Overlooked Dimension

   

A LONG OVERLOOKED DIMENSION OF THE HOLOCAUST:
THE POLISH JEWS IN RUSSIA

Escape via Siberia

By Dorit Whiteman

Thousands of desperate Polish Jews sought refuge from the Nazis in Russia in 1939, only to be just as persecuted by the Russians as they had been by the Nazis.  When Polish Jews reached Russian occupied territory via various tortured routes, they then were deported to Siberia.  Among these deportees was an eleven-year-old boy named Lonek.

Like many other Polish Jews who survived life on the run during WW II, Lonek's suspenseful saga was filled with many twists and turns that could only be fully understood in hindsight. For example, Lonek's devastating deportation from Russian-occupied Lvov to Siberia really turned out to be a "blessing" in disguise. How so? Only because he was deported to Siberia did Lonek narrowly miss the invasion of Lvov by the Germans, who massacred all of Lvov's Jews.  

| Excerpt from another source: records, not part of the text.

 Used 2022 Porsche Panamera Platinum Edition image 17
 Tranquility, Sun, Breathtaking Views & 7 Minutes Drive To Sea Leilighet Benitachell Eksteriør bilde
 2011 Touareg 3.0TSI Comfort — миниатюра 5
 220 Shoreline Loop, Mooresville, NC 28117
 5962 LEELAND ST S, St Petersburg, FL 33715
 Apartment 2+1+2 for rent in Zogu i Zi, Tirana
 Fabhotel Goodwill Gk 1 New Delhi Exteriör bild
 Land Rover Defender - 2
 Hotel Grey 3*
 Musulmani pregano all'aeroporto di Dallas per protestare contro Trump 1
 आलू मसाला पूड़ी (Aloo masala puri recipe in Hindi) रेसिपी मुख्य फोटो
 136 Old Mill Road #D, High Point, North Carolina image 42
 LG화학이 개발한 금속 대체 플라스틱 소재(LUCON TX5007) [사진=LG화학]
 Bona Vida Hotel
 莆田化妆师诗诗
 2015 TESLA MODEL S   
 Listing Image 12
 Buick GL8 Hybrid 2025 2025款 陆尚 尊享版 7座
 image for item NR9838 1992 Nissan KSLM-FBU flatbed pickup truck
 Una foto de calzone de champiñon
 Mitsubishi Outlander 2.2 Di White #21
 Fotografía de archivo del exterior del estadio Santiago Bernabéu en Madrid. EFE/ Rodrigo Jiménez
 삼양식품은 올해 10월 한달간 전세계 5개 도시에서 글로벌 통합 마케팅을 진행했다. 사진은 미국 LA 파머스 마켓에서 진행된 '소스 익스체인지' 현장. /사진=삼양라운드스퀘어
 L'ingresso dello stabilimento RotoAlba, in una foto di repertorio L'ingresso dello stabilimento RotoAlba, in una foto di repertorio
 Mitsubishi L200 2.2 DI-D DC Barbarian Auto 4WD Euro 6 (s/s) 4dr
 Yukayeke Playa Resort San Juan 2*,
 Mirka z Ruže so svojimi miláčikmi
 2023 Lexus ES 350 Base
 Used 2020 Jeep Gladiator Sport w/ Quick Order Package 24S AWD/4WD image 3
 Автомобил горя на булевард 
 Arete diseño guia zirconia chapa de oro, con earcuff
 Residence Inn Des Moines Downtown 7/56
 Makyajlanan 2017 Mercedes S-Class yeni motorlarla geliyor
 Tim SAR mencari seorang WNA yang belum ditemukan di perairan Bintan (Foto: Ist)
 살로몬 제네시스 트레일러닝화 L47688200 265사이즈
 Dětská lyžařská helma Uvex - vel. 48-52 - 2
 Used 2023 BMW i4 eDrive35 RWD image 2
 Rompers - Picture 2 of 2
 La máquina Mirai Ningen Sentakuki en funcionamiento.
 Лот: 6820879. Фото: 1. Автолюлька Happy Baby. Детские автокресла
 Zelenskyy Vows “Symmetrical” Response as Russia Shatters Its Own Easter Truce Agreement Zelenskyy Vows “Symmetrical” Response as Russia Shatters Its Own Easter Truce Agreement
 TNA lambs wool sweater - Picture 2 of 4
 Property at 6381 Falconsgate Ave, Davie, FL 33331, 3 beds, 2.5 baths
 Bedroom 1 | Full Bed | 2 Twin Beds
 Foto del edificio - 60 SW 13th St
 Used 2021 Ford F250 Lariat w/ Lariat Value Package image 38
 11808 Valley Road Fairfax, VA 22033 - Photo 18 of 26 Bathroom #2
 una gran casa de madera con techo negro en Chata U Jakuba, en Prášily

After enduring several years in a Siberian labor camp, Lonek joined the "Teheran Children." The Teheran Children were Jewish orphans who were, through ingenious means, rescued from Russia during the middle of World War II largely through the determined efforts of a small group of Hadassah women. Typical of the Teheran Children, Lonek covered tens of thousands of miles of war-torn terrain during his flight to freedom by foot, horse driven carts, rickety cattle trains and leaky ships that traversed heavily mined seas.

The fates of the Polish Jews in Russia often hinged upon unseen political power plays. For example, during frequent international negotiations over the borders of Eastern European countries during World War II, a single line drawn down a map by a bureaucrat could instantly hermetically seal thousands of hapless Jews within hostile countries, and occasionally open escape routes for others.  A seemingly innocuous split-second decision made by an escapee, or a small act of inventiveness or resourcefulness by an escapee often made the difference in unforeseeable ways between life and death.

Through various combinations of luck, will and wile, many of the Polish Jews who fled to Russia did miraculously survive World War II.